### [WHAT THE EXERCISE ASKS]
Without the pictures, write the listing below out again, line for line.

DATA PROVIDED Block Start

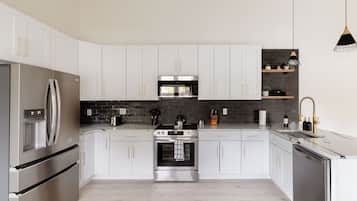 Micro-ondes, four, plaque de cuisson, lave-vaisselle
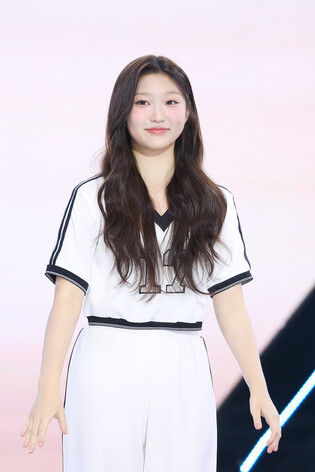S. Korean girl group Uspeer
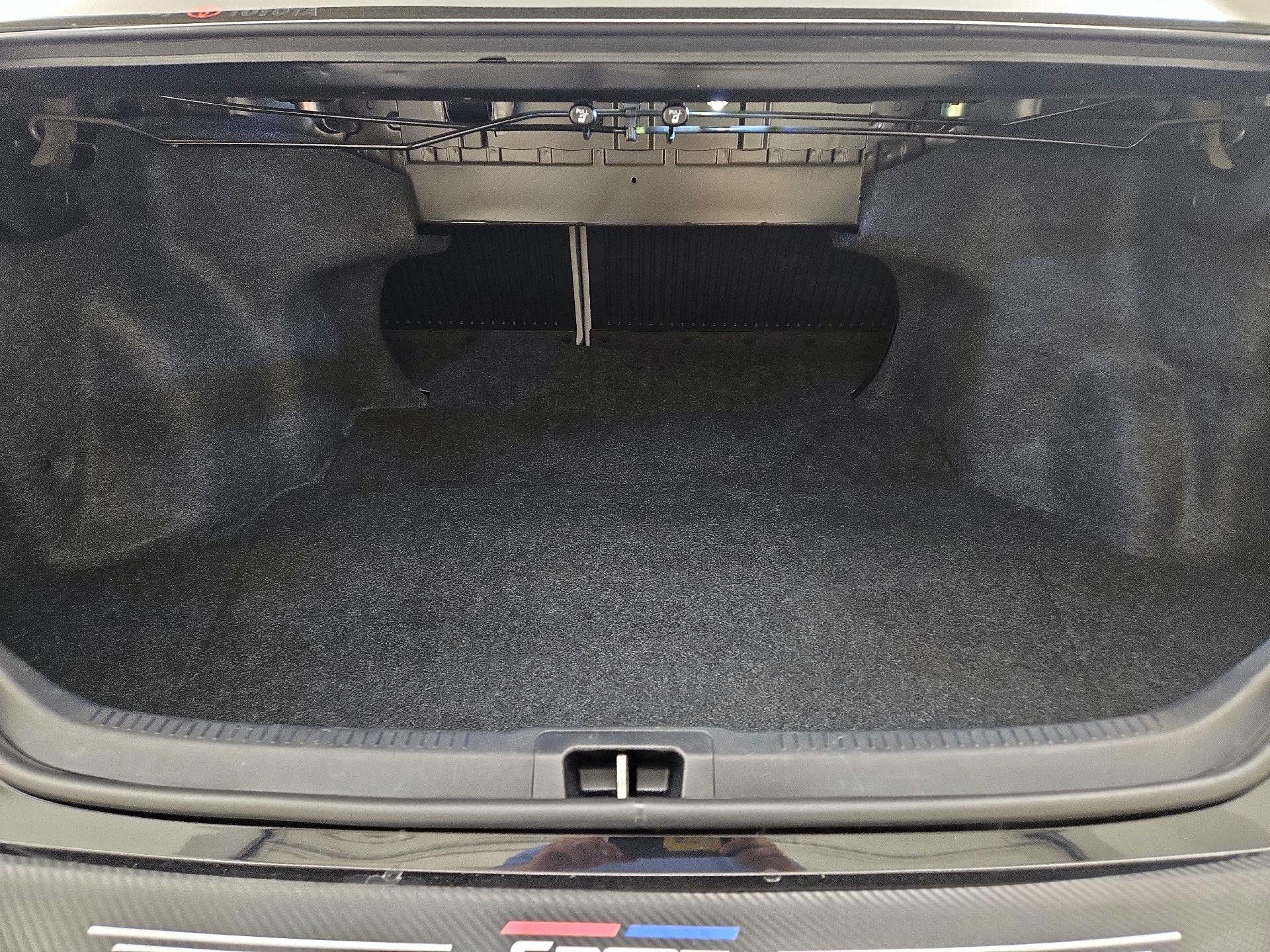 Thumbnail: 2015 Toyota Camry - 20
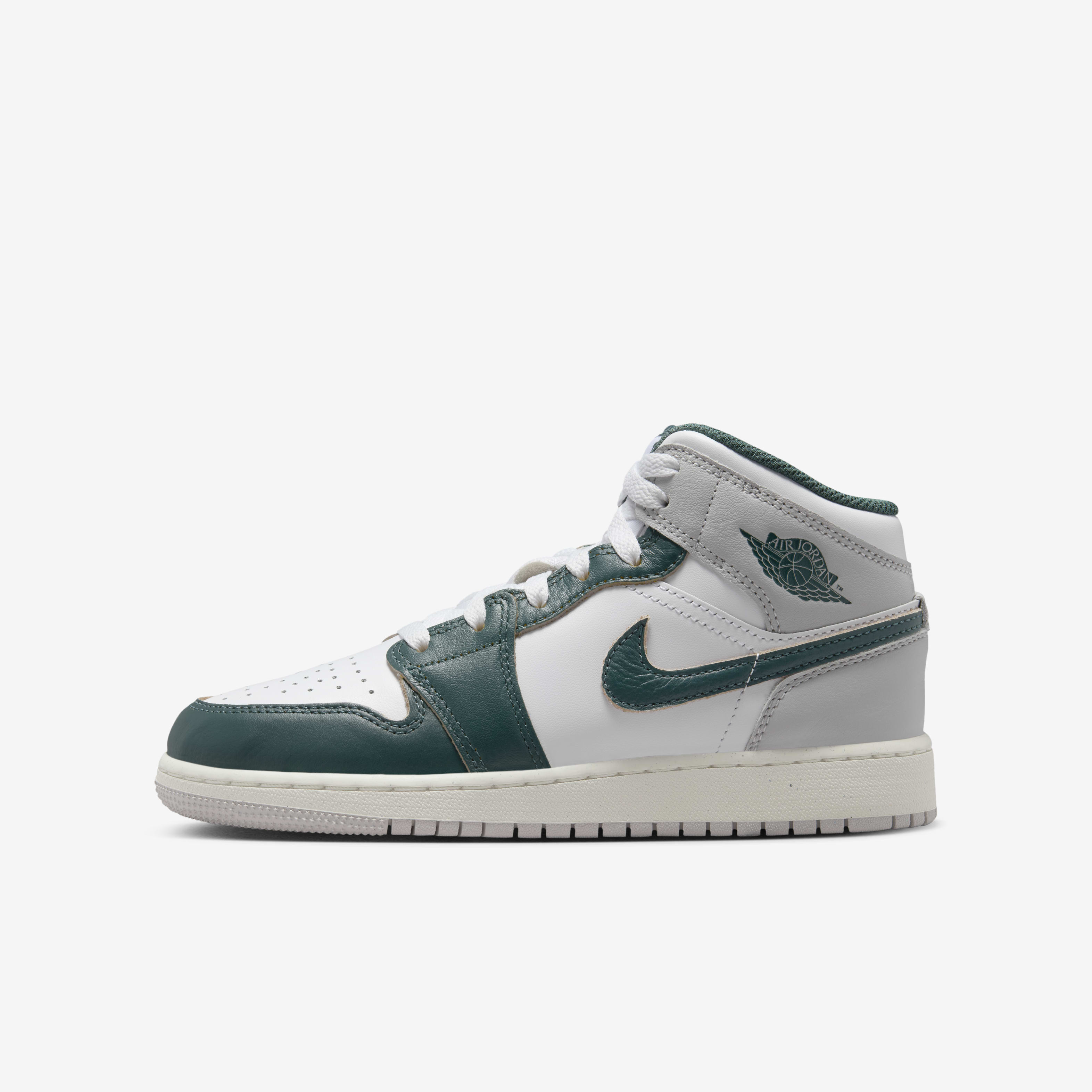 Air Jordan deals 1 mid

DATA PROVIDED Block End

### [COMPLETED TASK]
 Micro-ondes, four, plaque de cuisson, lave-vaisselle
S. Korean girl group Uspeer
 Thumbnail: 2015 Toyota Camry - 20
 Air Jordan deals 1 mid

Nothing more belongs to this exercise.